__THE PROBLEM__
Provide an exact copy of the data, excluding the images.

__GIVEN RECORDS__
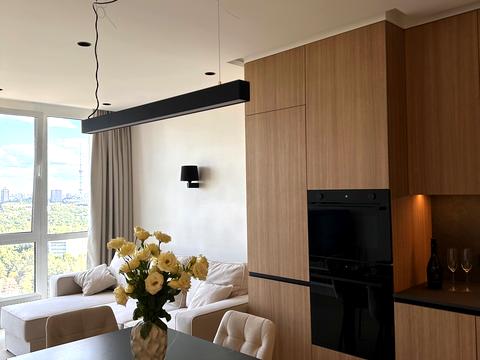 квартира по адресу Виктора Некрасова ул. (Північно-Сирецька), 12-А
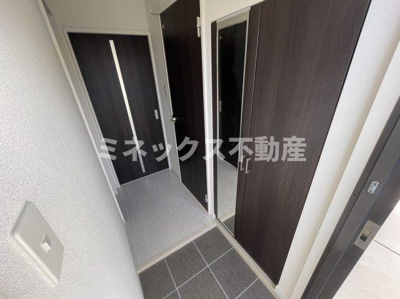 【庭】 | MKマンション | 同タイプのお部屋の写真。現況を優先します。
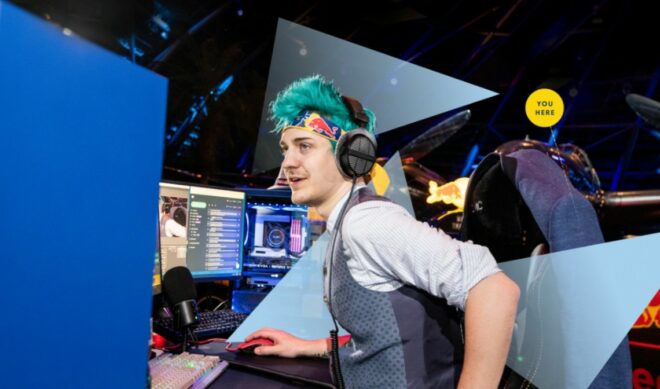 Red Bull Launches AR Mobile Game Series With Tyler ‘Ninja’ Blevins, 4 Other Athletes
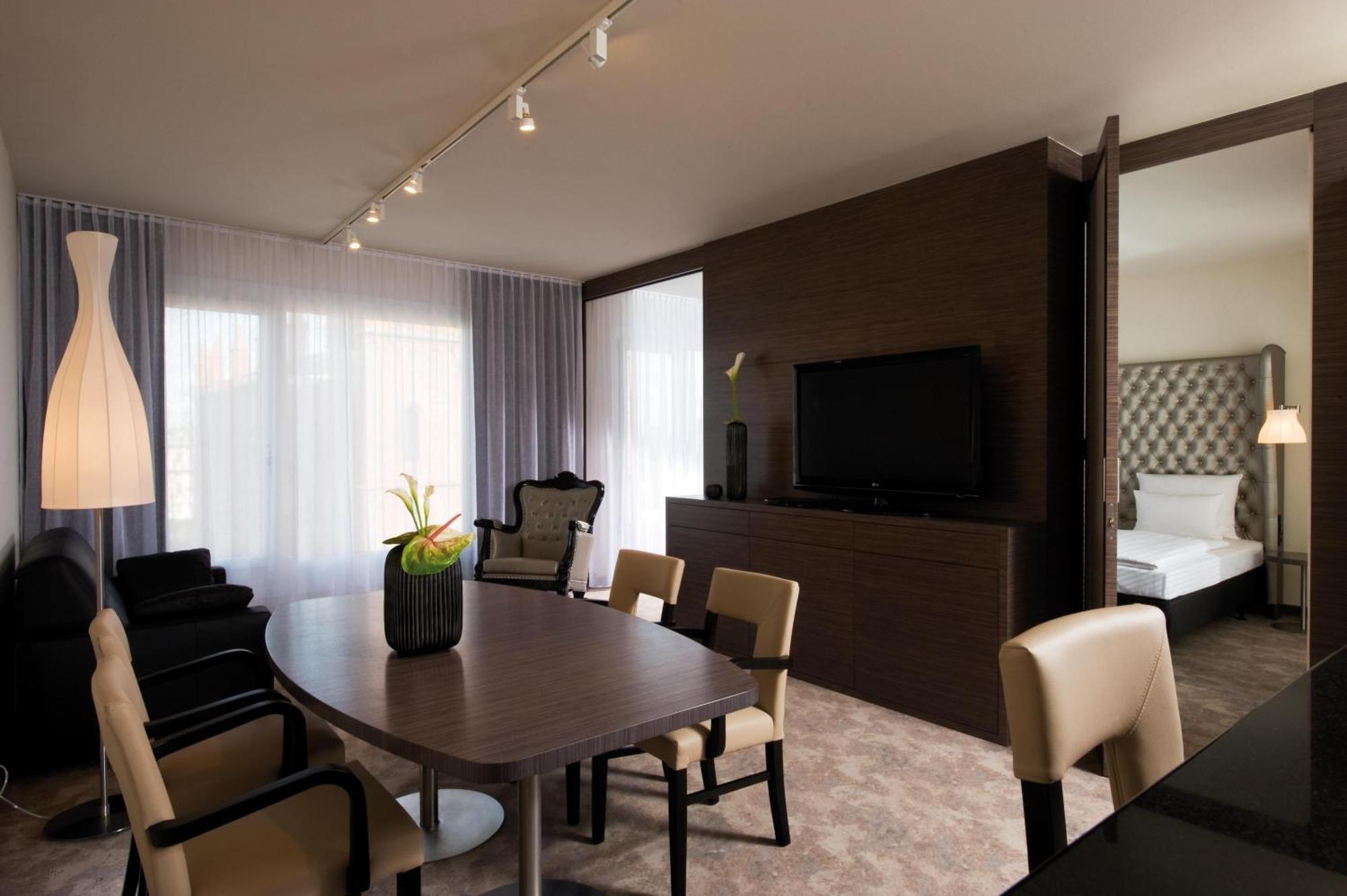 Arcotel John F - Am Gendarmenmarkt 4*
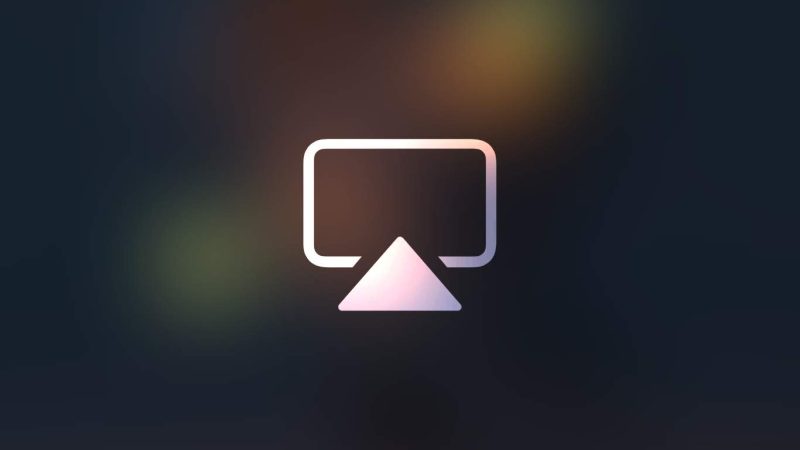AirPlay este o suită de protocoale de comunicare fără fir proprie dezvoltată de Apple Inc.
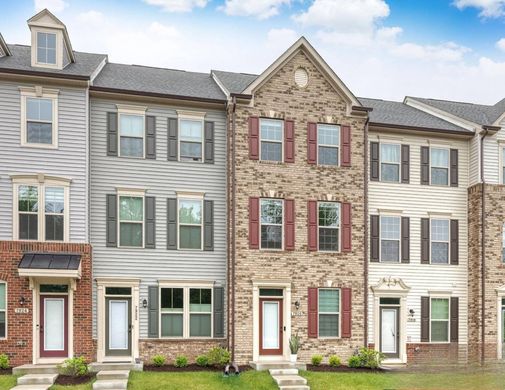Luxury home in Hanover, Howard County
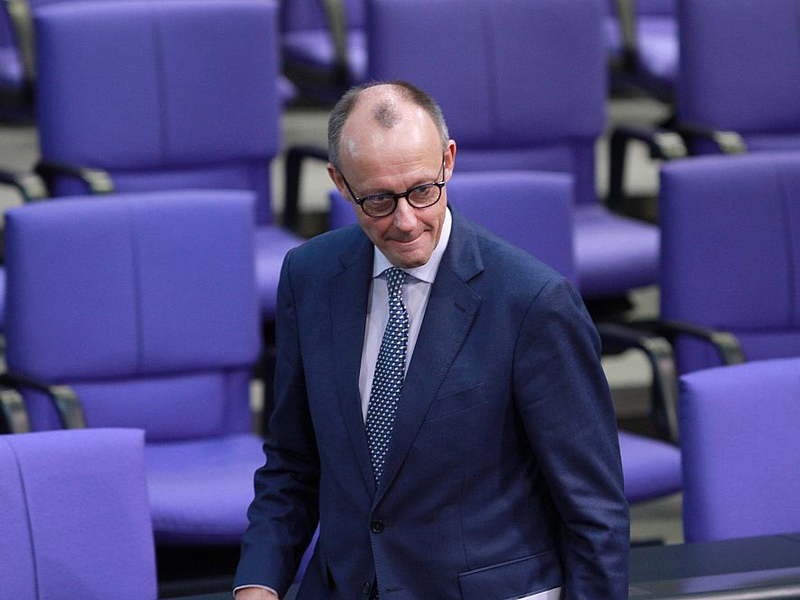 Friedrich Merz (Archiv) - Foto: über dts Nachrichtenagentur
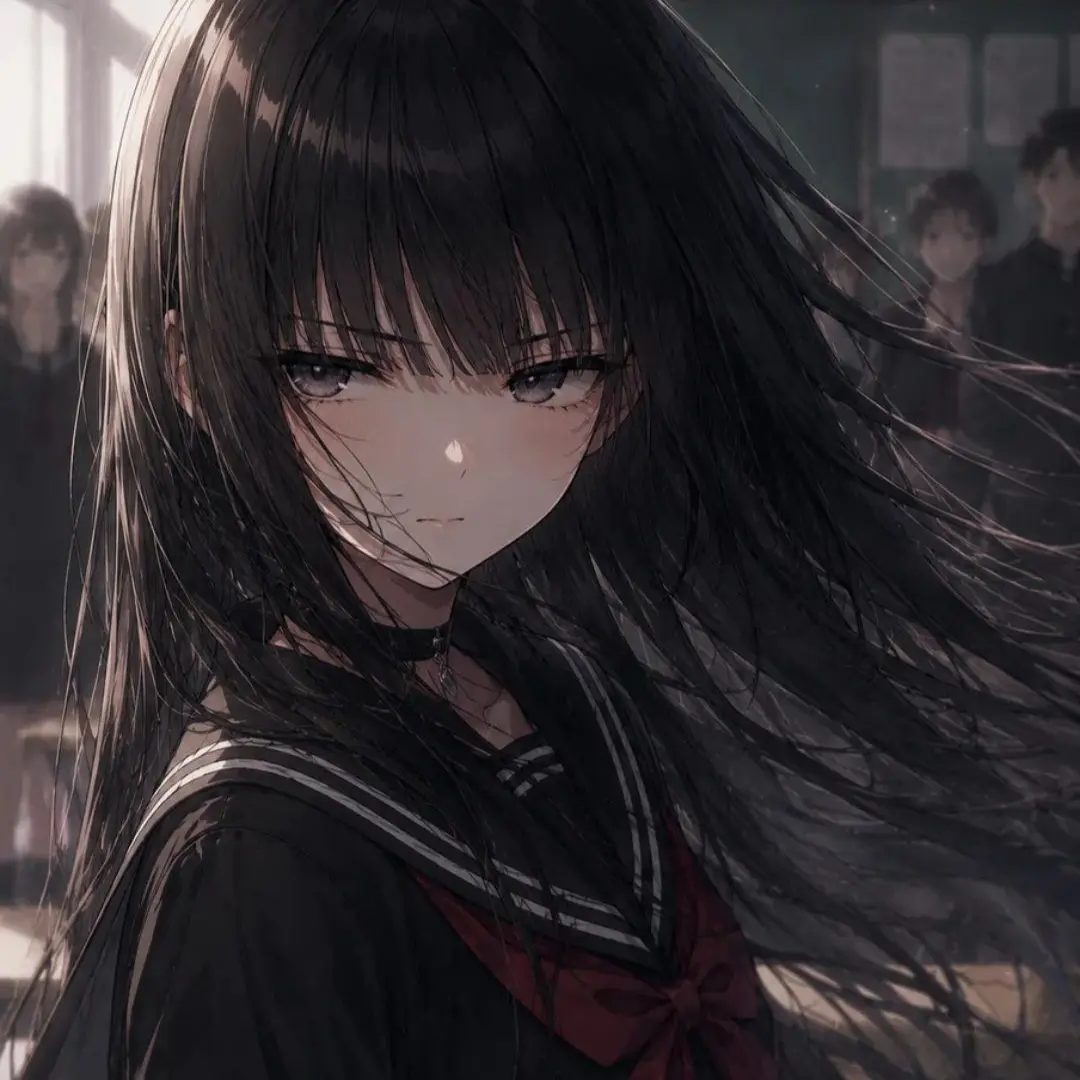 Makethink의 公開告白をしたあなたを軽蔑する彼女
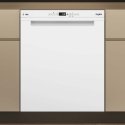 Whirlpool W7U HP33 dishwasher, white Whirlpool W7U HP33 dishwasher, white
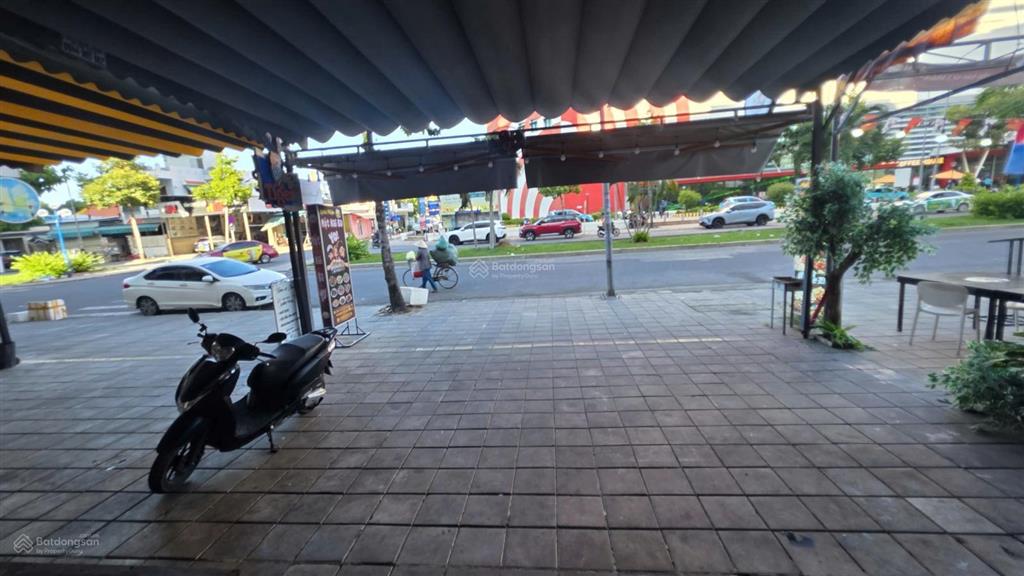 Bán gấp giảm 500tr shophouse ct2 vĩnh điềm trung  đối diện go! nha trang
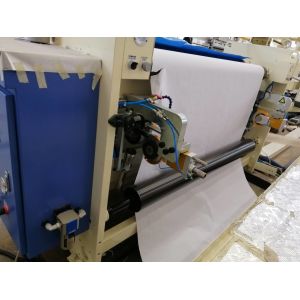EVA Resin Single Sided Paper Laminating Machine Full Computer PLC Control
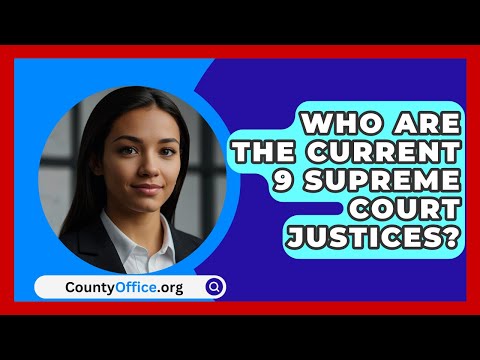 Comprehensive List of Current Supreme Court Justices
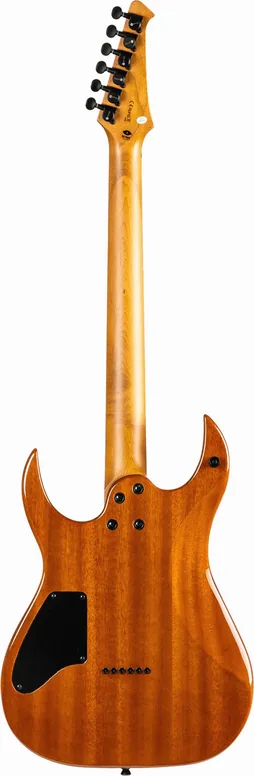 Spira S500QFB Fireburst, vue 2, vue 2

__SOLUTION__
 квартира по адресу Виктора Некрасова ул. (Північно-Сирецька), 12-А
 【庭】 | MKマンション | 同タイプのお部屋の写真。現況を優先します。
 Red Bull Launches AR Mobile Game Series With Tyler ‘Ninja’ Blevins, 4 Other Athletes
 Arcotel John F - Am Gendarmenmarkt 4*
AirPlay este o suită de protocoale de comunicare fără fir proprie dezvoltată de Apple Inc.
Luxury home in Hanover, Howard County
 Friedrich Merz (Archiv) - Foto: über dts Nachrichtenagentur
 Makethink의 公開告白をしたあなたを軽蔑する彼女
 Whirlpool W7U HP33 dishwasher, white Whirlpool W7U HP33 dishwasher, white
 Bán gấp giảm 500tr shophouse ct2 vĩnh điềm trung  đối diện go! nha trang
EVA Resin Single Sided Paper Laminating Machine Full Computer PLC Control
 Comprehensive List of Current Supreme Court Justices
 Spira S500QFB Fireburst, vue 2, vue 2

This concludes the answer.